▸ **SOURCE INFORMATION**
*** Block opens ***
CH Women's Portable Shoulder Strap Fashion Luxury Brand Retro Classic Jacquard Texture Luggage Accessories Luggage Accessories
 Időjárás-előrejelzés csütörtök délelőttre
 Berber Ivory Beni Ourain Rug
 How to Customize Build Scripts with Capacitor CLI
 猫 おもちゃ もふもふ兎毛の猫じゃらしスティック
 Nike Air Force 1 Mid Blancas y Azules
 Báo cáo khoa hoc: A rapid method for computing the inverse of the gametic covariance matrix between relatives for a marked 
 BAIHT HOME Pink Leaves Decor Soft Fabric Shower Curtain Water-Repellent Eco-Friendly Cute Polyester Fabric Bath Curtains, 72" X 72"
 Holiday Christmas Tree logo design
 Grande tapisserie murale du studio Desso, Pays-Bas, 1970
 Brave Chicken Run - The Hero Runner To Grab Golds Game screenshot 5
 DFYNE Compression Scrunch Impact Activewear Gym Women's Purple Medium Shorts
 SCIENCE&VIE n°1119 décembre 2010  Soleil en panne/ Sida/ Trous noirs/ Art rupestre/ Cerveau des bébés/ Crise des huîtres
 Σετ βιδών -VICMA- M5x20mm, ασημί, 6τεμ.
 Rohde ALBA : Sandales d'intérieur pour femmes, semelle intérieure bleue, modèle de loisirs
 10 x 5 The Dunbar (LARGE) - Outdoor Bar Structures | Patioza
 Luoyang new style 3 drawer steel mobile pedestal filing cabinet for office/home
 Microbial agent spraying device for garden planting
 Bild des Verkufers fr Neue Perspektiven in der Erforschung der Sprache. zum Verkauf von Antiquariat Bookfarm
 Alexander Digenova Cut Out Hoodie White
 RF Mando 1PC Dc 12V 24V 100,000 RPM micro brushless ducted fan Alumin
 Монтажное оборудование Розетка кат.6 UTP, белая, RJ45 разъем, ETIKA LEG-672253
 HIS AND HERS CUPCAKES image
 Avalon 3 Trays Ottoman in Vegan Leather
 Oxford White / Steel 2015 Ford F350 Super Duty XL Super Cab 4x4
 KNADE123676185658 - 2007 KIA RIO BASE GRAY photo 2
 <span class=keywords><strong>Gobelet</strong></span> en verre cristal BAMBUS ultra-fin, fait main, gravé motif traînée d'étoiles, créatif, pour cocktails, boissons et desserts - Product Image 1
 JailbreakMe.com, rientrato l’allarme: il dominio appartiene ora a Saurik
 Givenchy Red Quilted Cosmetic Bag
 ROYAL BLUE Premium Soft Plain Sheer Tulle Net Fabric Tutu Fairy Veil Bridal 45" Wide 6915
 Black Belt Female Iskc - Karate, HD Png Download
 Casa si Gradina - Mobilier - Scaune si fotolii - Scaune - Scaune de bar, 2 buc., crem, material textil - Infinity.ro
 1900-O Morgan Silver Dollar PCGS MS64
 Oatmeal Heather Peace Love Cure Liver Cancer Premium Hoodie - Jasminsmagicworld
*** Block closes ***
Transcribe the material exactly, stopping after the "Microbial agent spraying" line.

▸ **ANSWER TO THIS EXERCISE**
CH Women's Portable Shoulder Strap Fashion Luxury Brand Retro Classic Jacquard Texture Luggage Accessories Luggage Accessories
 Időjárás-előrejelzés csütörtök délelőttre
 Berber Ivory Beni Ourain Rug
 How to Customize Build Scripts with Capacitor CLI
 猫 おもちゃ もふもふ兎毛の猫じゃらしスティック
 Nike Air Force 1 Mid Blancas y Azules
 Báo cáo khoa hoc: A rapid method for computing the inverse of the gametic covariance matrix between relatives for a marked 
 BAIHT HOME Pink Leaves Decor Soft Fabric Shower Curtain Water-Repellent Eco-Friendly Cute Polyester Fabric Bath Curtains, 72" X 72"
 Holiday Christmas Tree logo design
 Grande tapisserie murale du studio Desso, Pays-Bas, 1970
 Brave Chicken Run - The Hero Runner To Grab Golds Game screenshot 5
 DFYNE Compression Scrunch Impact Activewear Gym Women's Purple Medium Shorts
 SCIENCE&VIE n°1119 décembre 2010  Soleil en panne/ Sida/ Trous noirs/ Art rupestre/ Cerveau des bébés/ Crise des huîtres
 Σετ βιδών -VICMA- M5x20mm, ασημί, 6τεμ.
 Rohde ALBA : Sandales d'intérieur pour femmes, semelle intérieure bleue, modèle de loisirs
 10 x 5 The Dunbar (LARGE) - Outdoor Bar Structures | Patioza
 Luoyang new style 3 drawer steel mobile pedestal filing cabinet for office/home
 Microbial agent spraying device for garden planting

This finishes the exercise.